A Preconditioning Regimen With a PKC epsilon Activator Improves Islet Graft Function in a Mouse Transplant Model

Transplantation of islets isolated from deceased donor pancreata is an attractive method of beta-cell replacement therapy for patients with type 1 diabetes (T1D). However, the loss of islet cell viability and function during the peritransplant period is a limiting factor to long-term islet engraftment. Activation of the isoenzyme PKC epsilon may improve islet survival and function. The current study assesses the effects of PKC epsilon activation on islet graft function in a syngeneic streptozotocin-induced diabetic mouse model. Islets were isolated from wild-type BALB/c mice preconditioned with either a PKCe activator (psi epsilon RACK) or a TAT carrier control peptide.

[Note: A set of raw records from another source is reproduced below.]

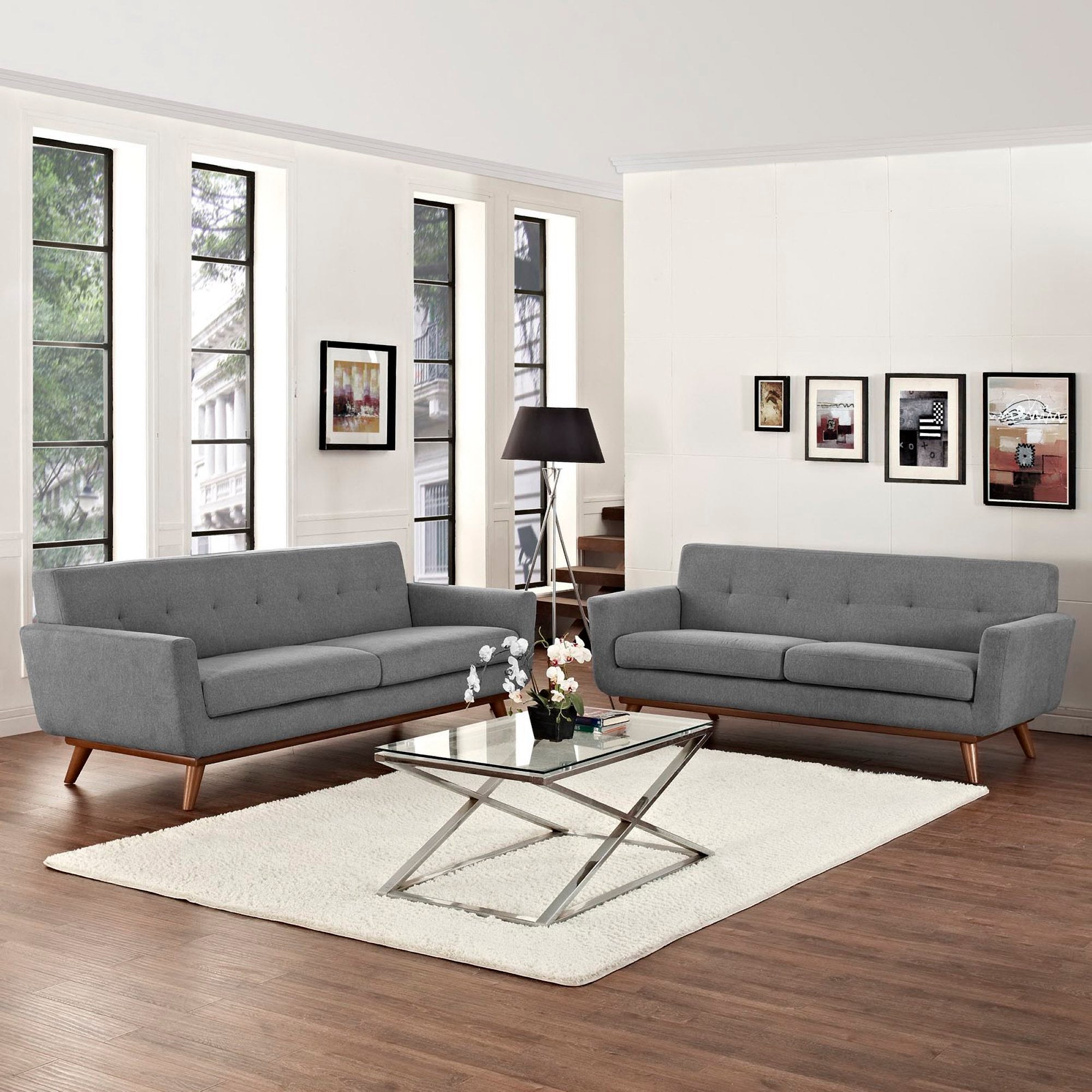 Engage Loveseat and Sofa Set of 2 - Expectation Gray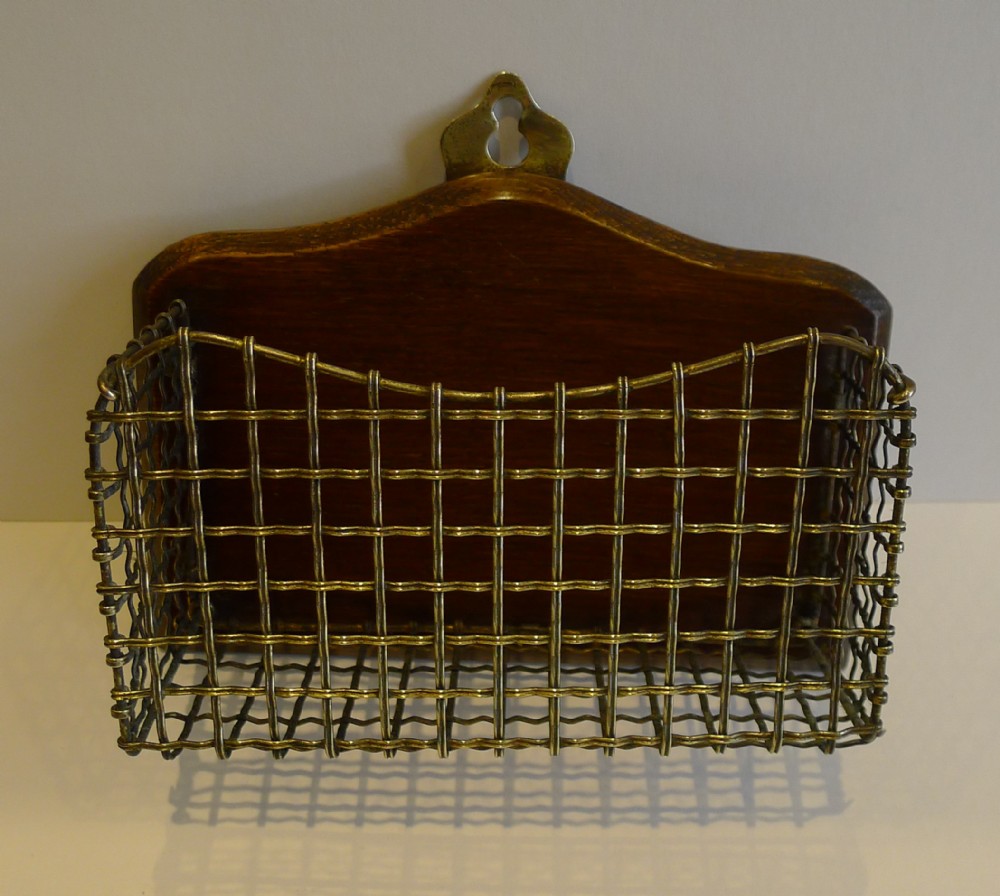 Antique English Oak & Brass Wire Letter Holder c.1900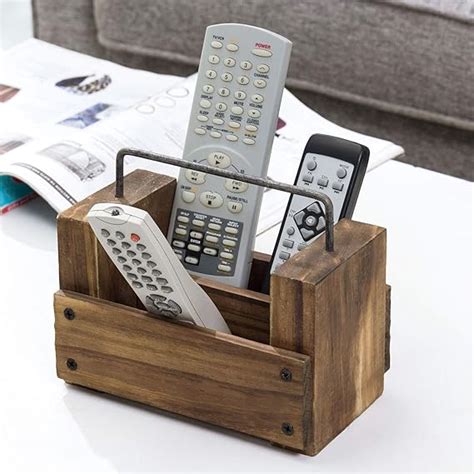 Myt Light Brown Rustic Burnt Wood Remote Control Holder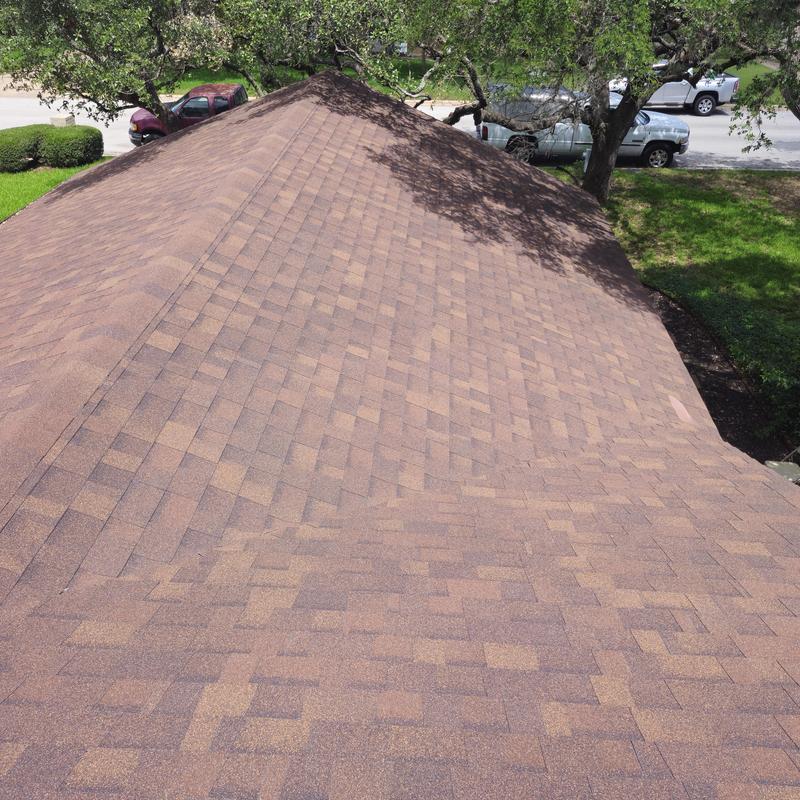 GAF Hickory shingle roof with Cobra III ridge venting GAF Hickory shingle roof with Cobra III ridge venting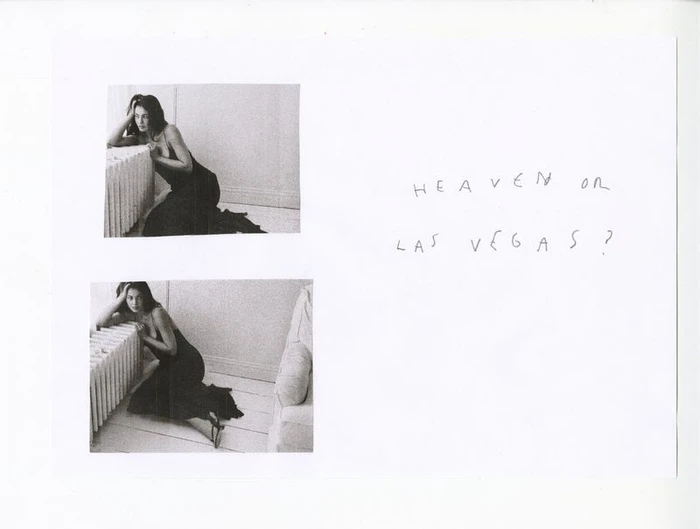Black and white editorial layout featuring two photos of Kylie Jenner in a dark gown kneeling by a radiator with handwritten text.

Islets were further treated with the same agents during isolation, purification, and incubation prior to transplantation. Two hundred seventy-five islet equivalents were transplanted under the kidney capsule of streptozotocin-induced diabetic BALB/c mice. Islet function was assessed by measurement of blood glucose levels every 3 days for 42 days after transplant and through an intraperitoneal glucose tolerance test (IPGTT). The time for return to euglycemia in mice transplanted with islets treated with psi epsilon RACK was improved at 14 +/- 6 days versus 21 +/- 6 days with TAT-treated islets. The IPGTT showed a 50% reduction in the area under the curve associated with an improved insulin response in mice transplanted with psi epsilon RACK-treated islets compared to TAT-treated islets. A preconditioning regimen using PKCe agonist before pancreatic recovery and during islet isolation improves islet graft function and resistance to high glucose stress after transplantation.